# All females?



## fish1234 (Dec 26, 2019)

Hi,
Long time reader, first time poster. I have a tank set up for 14 months now and about 8 months ago added 5 fossorochromis rostratus. At the time all were about 1 inch in size. Now today 2 are about 3-4 inches and the other 3 are 5-6 inches. I know from reading they take really long to show signs of being a male. Also these were the last fish added to the tank so defintely not top dogs, however no one bothers any of the 5 as they still do quite a bit of schooling. Is it possible I really got 5 females? None show any sign of color, which doesn't shock me but noticing the fin shape now versus another post on here that seems to show all male is leading me to believe I did not win the lottery in this group of 5. Please let me know your thoughts. They are great fish and have grown tremendously fast so not sure I could add a male even if I don't since the tank is all getting along nicely.


----------



## jcover (Apr 18, 2014)

From your photos they all look like females, but due to their size, there is still a chance one could be a male. I wouldn't write them off yet. Should probably start to see a male around 6-7", unless you have other very dominant fish in the tank. What is your full stocking list and tank size?


----------



## fish1234 (Dec 26, 2019)

Thanks for the reply. 
I was hoping since the three of them grew so quick in the 8 months that one would be male. I am suspecting that anal fin being rounded is sign of female? I will post a fish list shortly. Tank is 7ft.


----------



## fish1234 (Dec 26, 2019)

Tank is 7ft 285g custom dimension tank.

Stock list:
1 7in frontosa (grew from 2in to 7 in 12months)
1 livingstonii
1 venestus
1 red empress
1 fryeri
5 fossorochromis
6 peacocks
1 yellow lab
1 red zebra
2vicorians (p nyeri and rock kreb)
3 vc 10 (last fish introduced with fossos)
1 dolphin
1 tropheus
1 gold comp

All of these fish grew up together, with the fossos and vc10 being the last addition.

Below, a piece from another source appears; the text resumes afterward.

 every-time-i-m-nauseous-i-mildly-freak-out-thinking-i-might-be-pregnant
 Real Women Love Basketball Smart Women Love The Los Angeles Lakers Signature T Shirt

Still hoping one fosso is male, but I am starting to lose hope.


----------



## jcover (Apr 18, 2014)

From my experience, male haps tend to colour up first before their fins become pointed. I think your tank is lightly stocked, so that shouldn't be an issue. There are some bold personality fish in your list - but based on the size of the tank, I don't think it would be an issue. Time will tell!


----------



## noki (Jun 13, 2003)

Can't tell if there is a male but I think the problem might be the tankmates and you added the Fossos last. You might eventually get a Fosso male to color up but you have had more established males. You could remove the Mbuna, and the hybrid "Peacocks". The Fryeri might be a problem, the Nimbochromis might be a problem, the Victorian males might be a problem. You probably don't want to change up the tank that much, but realize that a Fosso male may never take on permanent male color in this tank. All depends on what you want.


----------



## Mr Chromedome (Feb 12, 2013)

My male Fosso didn't color up until he was close to 7 inches, and there wasn't any competition in the tank. I would agree with noki, they need to be the dominant fish in the tank and you have at least 3-4 that tend to be more aggressive. They've already divided up the tank territories, someone will have to give up space for a male Fosso to establish himself.


----------



## fish1234 (Dec 26, 2019)

So today I look at the tank and the 2nd largest fosso looks to be a shade darker. It is about 5.5-6inches. The largest is 6.5inches. Is it possible this shade is sign of a male to be? Or is it just annoyed and sometimes fish fade lighter and darker? Any opinions are appreciated. Thanks in advance and apologies for my upside down pics.


----------



## jcover (Apr 18, 2014)

It could possibly mean its a male that will eventually colour. Looks like there is some blue sheen to it. It reminds me of what my subdominant Malawi Hawks do - they get dark sometimes, but never get any good colour on them.


----------